> **Action item**
Check each line of the data for "Unisex" and select those that have it.

Entries taken from a collection
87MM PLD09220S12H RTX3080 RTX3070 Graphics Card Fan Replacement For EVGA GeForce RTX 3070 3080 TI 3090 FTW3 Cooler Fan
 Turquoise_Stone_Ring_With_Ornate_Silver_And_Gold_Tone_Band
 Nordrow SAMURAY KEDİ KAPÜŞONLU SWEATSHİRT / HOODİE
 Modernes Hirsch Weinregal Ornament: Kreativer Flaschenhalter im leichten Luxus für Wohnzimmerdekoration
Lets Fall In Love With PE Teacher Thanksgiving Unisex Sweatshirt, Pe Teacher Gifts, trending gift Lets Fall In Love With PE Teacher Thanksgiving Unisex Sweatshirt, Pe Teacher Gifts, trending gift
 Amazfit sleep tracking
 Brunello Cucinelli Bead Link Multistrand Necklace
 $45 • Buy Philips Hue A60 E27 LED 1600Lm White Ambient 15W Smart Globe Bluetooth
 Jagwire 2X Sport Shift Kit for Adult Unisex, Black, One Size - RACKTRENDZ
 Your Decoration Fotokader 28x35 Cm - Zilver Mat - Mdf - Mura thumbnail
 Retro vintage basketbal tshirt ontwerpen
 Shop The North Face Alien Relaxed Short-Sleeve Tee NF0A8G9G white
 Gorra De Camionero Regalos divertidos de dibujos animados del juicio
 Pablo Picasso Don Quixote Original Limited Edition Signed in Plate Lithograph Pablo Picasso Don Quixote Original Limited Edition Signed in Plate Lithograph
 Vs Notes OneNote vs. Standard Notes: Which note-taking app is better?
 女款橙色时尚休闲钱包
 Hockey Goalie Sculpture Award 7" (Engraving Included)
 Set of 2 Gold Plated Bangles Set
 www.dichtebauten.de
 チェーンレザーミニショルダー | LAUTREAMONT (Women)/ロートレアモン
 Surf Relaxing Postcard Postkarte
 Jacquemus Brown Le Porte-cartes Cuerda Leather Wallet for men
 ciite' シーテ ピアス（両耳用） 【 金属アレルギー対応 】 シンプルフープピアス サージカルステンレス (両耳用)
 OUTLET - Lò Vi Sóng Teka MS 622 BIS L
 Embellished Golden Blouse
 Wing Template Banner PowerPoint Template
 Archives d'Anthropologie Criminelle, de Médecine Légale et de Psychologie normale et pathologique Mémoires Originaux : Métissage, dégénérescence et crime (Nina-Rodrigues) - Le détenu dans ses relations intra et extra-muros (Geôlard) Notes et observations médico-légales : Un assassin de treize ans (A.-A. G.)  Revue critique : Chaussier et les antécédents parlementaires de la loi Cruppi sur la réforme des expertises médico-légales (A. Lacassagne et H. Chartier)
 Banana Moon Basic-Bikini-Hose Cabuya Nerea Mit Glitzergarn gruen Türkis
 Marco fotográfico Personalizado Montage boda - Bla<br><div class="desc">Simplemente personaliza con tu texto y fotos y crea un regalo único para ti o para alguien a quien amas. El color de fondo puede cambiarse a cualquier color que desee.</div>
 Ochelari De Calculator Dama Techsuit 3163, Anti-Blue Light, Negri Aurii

> **Completed exercise**
Lets Fall In Love With PE Teacher Thanksgiving Unisex Sweatshirt, Pe Teacher Gifts, trending gift Lets Fall In Love With PE Teacher Thanksgiving Unisex Sweatshirt, Pe Teacher Gifts, trending gift
 Jagwire 2X Sport Shift Kit for Adult Unisex, Black, One Size - RACKTRENDZ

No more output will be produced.